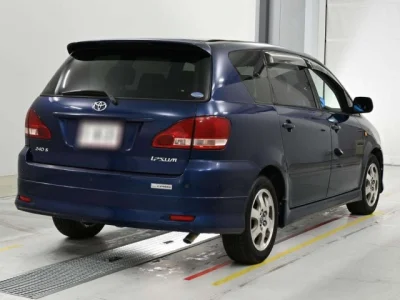 Toyota Ipsum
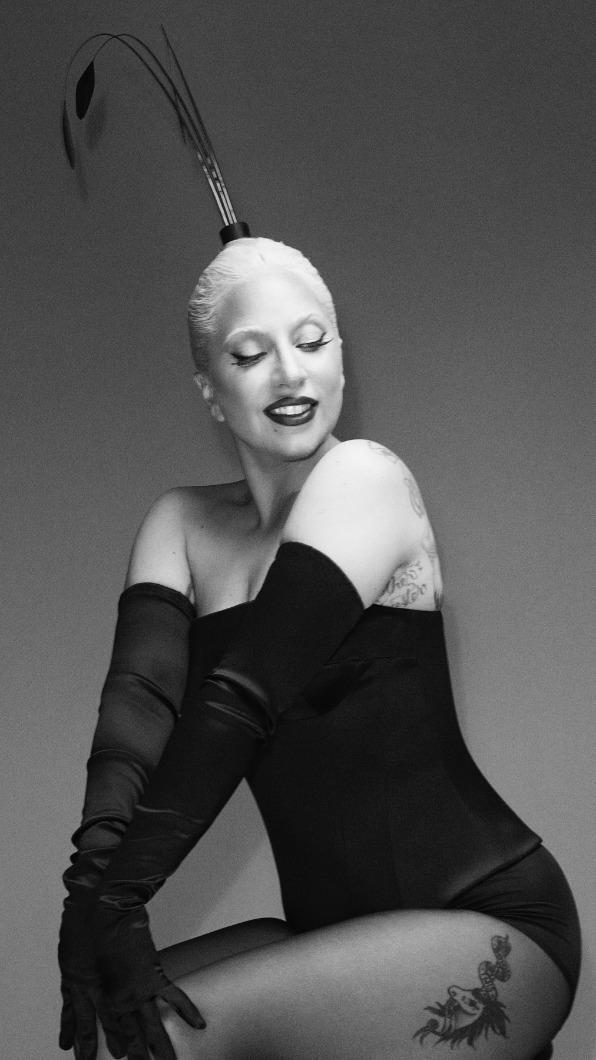 Lady Gaga內搭黑色緞面緊身馬甲與短褲。(圖/翻攝自Lady Gaga IG)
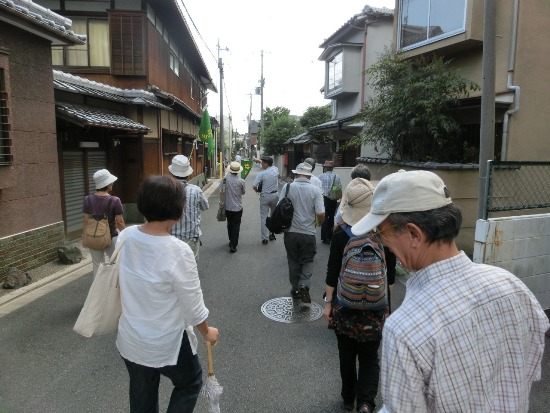 2505-12.8.23上善寺に向かって歩く.jpg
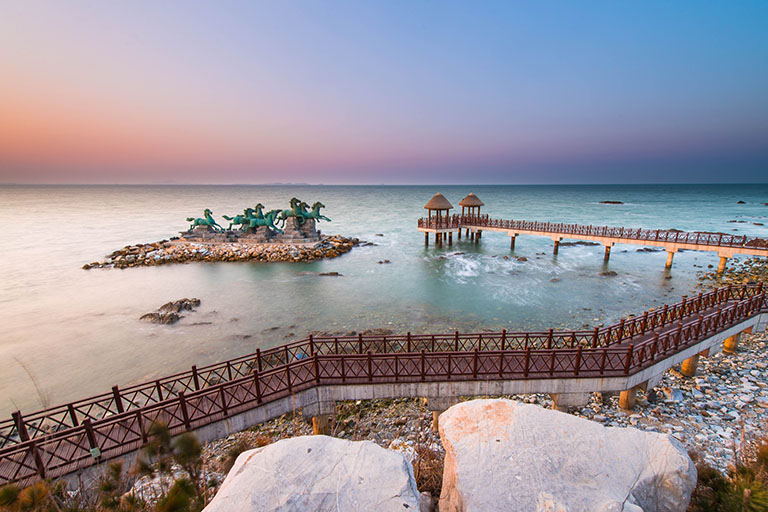 Horse Statue on Yangma Island Things to Do in Yantai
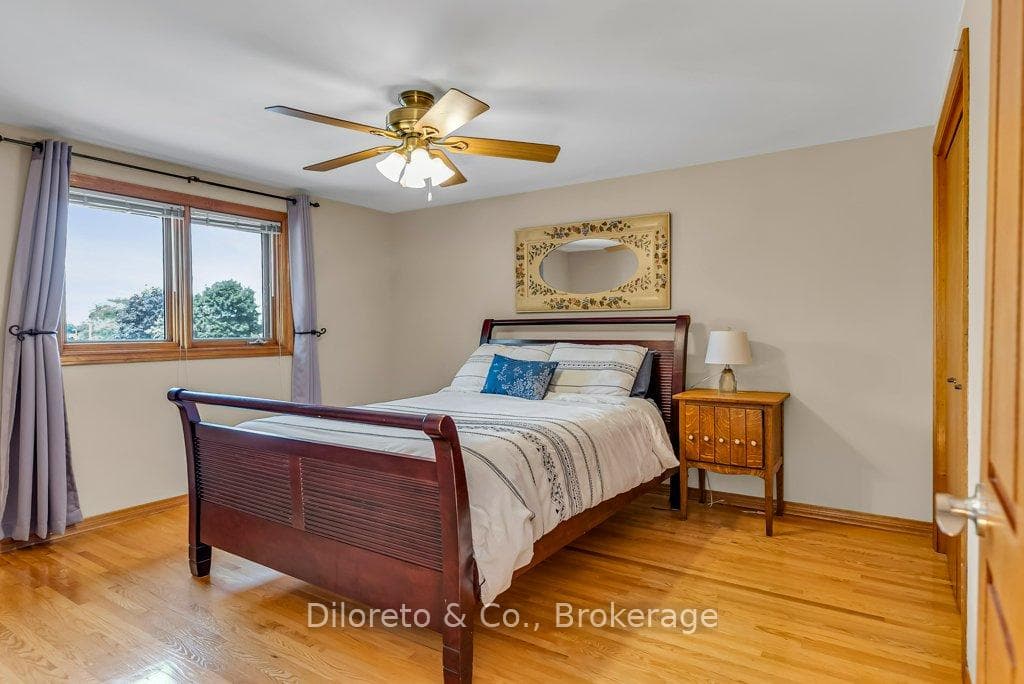 28 Foxwood Crescent photo 30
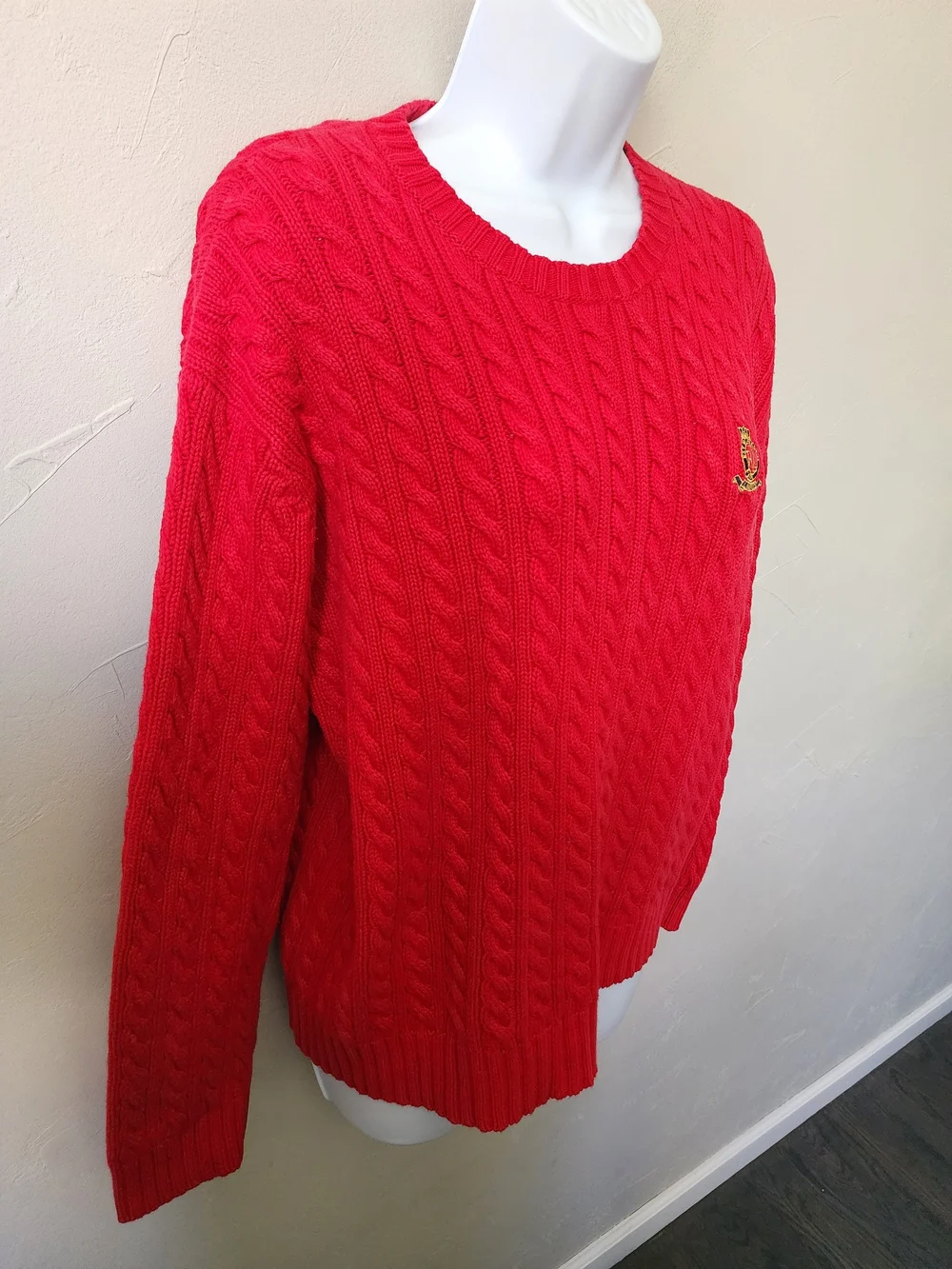 Classic Cable Knit Women's Sweater - Red Size Large - Picture 3 of 6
◇ ◇ ◇
■ Description of the task
Please retype every record shown above, exactly as written, but without pictures.

■ Result
 Toyota Ipsum
 Lady Gaga內搭黑色緞面緊身馬甲與短褲。(圖/翻攝自Lady Gaga IG)
 2505-12.8.23上善寺に向かって歩く.jpg
 Horse Statue on Yangma Island Things to Do in Yantai
 28 Foxwood Crescent photo 30
 Classic Cable Knit Women's Sweater - Red Size Large - Picture 3 of 6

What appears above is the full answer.